### Data excerpts
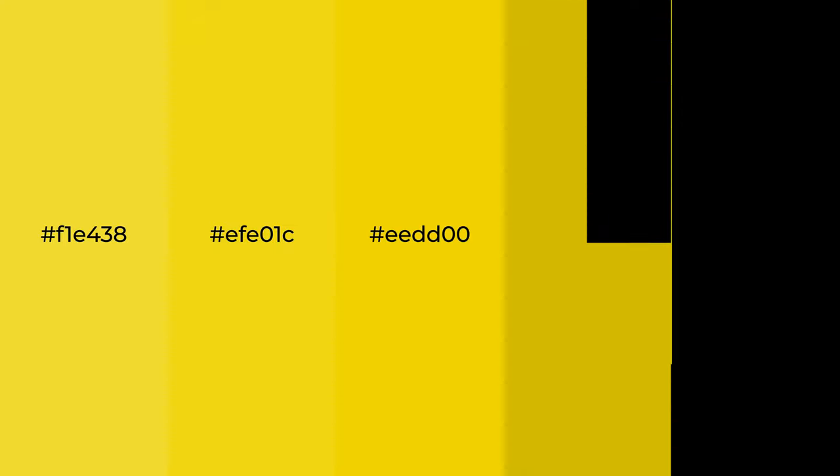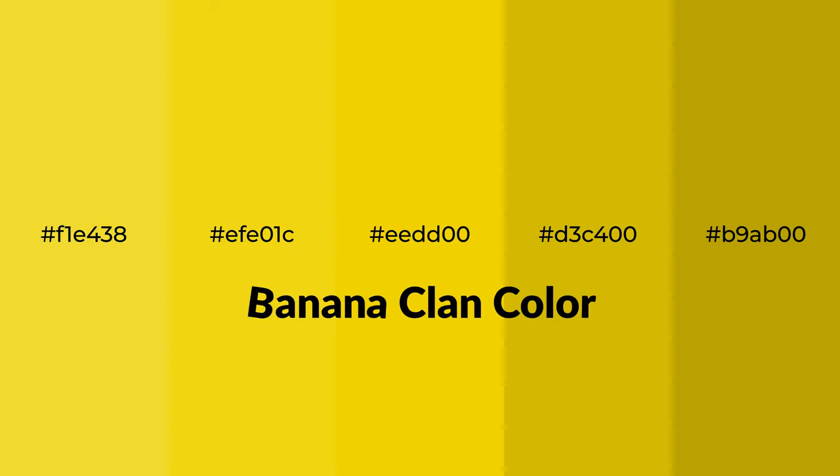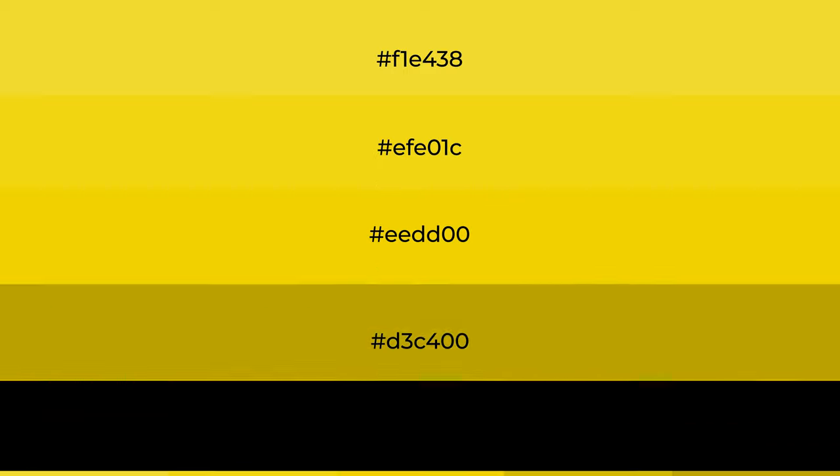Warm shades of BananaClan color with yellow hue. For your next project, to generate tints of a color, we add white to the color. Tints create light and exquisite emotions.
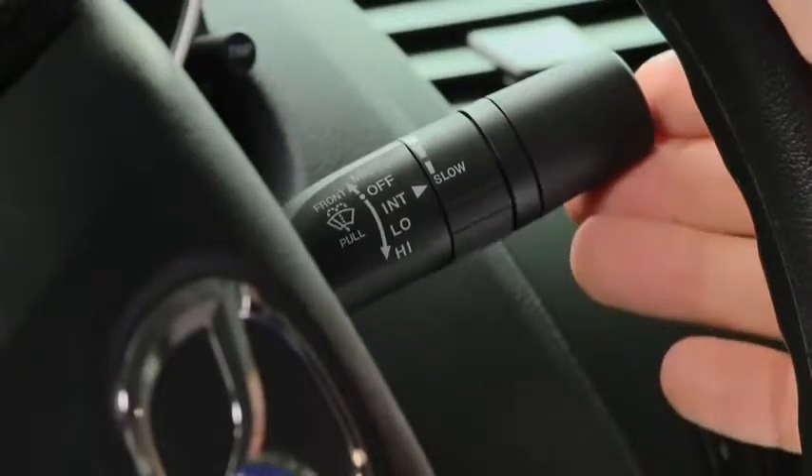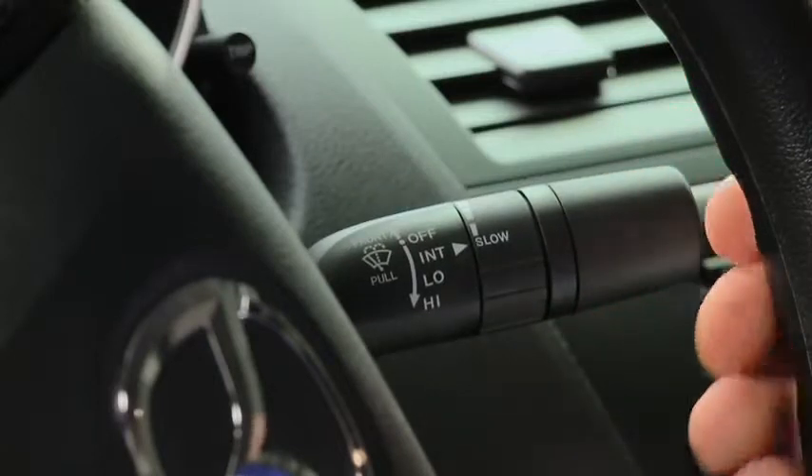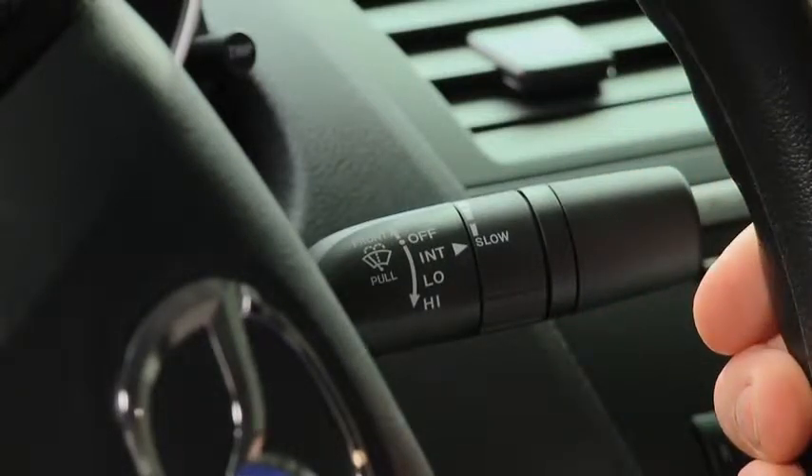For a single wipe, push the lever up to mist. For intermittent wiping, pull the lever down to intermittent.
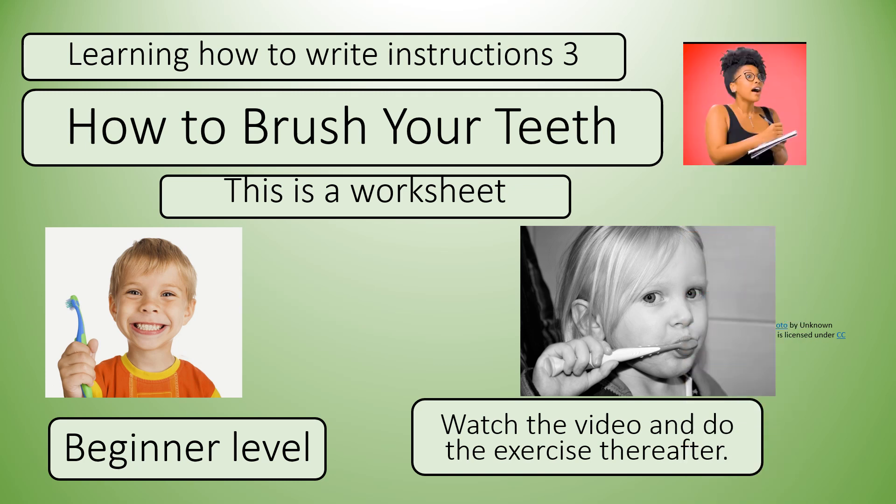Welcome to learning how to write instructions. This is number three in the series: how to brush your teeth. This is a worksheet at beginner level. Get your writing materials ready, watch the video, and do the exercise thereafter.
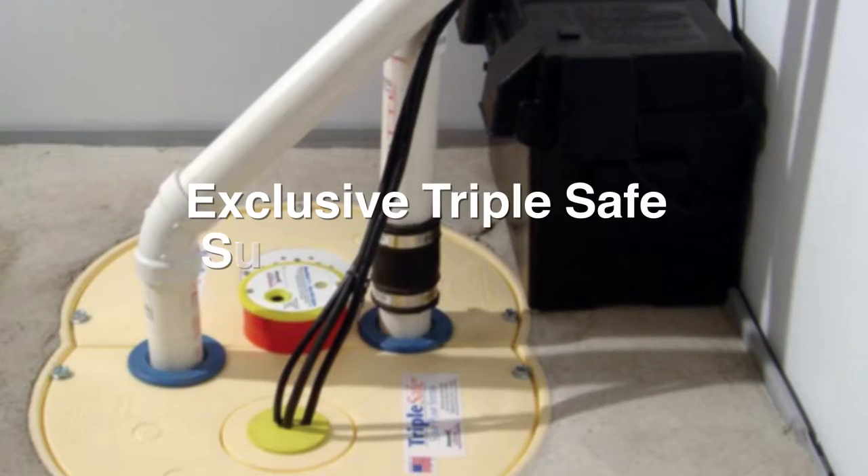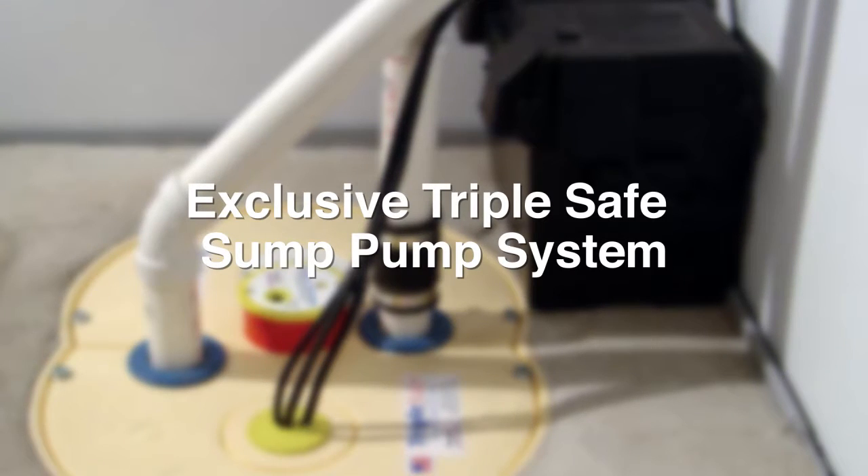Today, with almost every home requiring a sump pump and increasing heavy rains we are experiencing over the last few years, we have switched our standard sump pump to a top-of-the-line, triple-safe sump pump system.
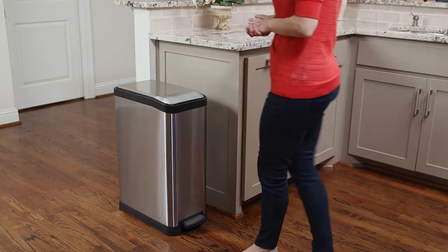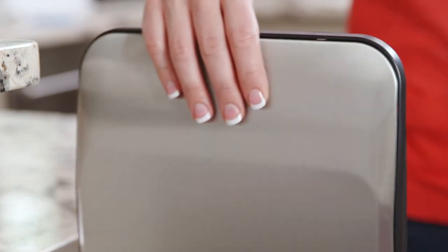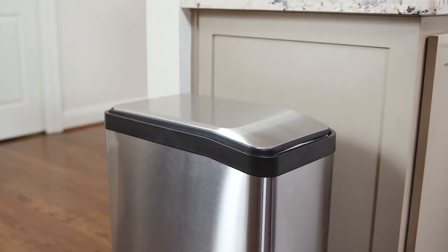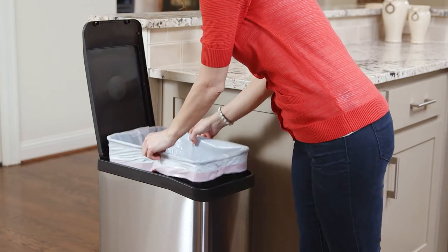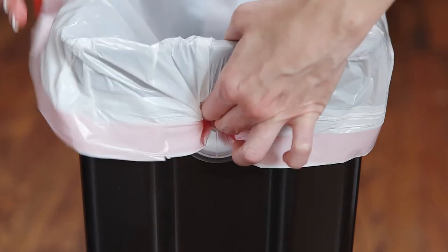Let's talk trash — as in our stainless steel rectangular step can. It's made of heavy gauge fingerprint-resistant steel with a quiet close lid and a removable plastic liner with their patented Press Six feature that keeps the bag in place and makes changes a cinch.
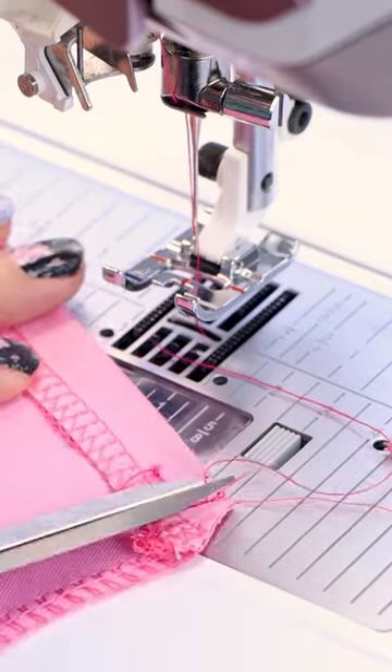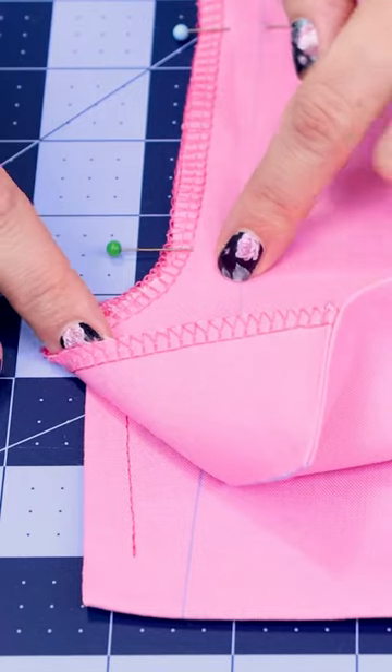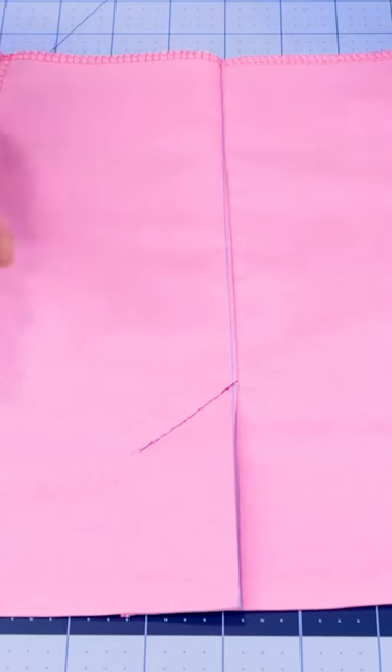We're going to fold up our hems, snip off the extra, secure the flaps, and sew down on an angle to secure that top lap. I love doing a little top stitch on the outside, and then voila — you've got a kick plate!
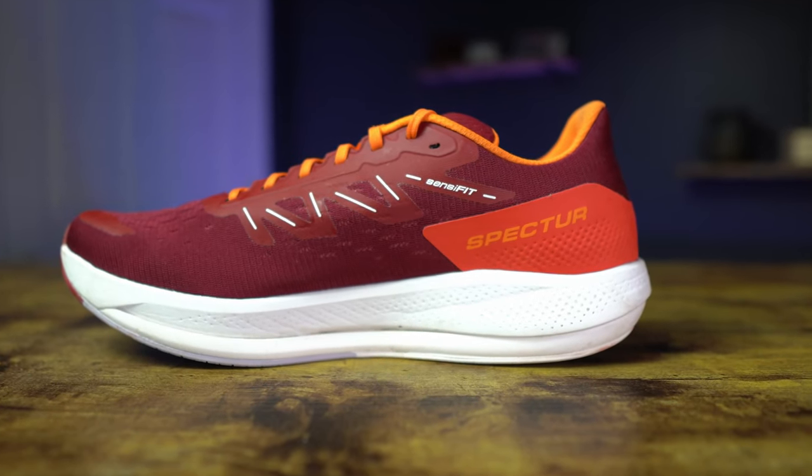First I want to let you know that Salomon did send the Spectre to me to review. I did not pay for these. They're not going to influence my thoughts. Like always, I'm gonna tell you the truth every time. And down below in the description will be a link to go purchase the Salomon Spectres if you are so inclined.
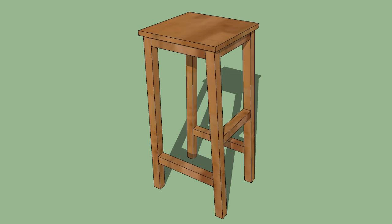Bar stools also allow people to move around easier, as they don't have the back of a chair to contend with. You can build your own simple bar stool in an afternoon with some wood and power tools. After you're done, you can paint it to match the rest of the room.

### Work request
In the data above, find the line with "Let's talk trash" and repeat it and every line after it through the end, exactly; leave the pictures out.

### Response
Let's talk trash — as in our stainless steel rectangular step can. It's made of heavy gauge fingerprint-resistant steel with a quiet close lid and a removable plastic liner with their patented Press Six feature that keeps the bag in place and makes changes a cinch.
We're going to fold up our hems, snip off the extra, secure the flaps, and sew down on an angle to secure that top lap. I love doing a little top stitch on the outside, and then voila — you've got a kick plate!
First I want to let you know that Salomon did send the Spectre to me to review. I did not pay for these. They're not going to influence my thoughts. Like always, I'm gonna tell you the truth every time. And down below in the description will be a link to go purchase the Salomon Spectres if you are so inclined.
Bar stools also allow people to move around easier, as they don't have the back of a chair to contend with. You can build your own simple bar stool in an afternoon with some wood and power tools. After you're done, you can paint it to match the rest of the room.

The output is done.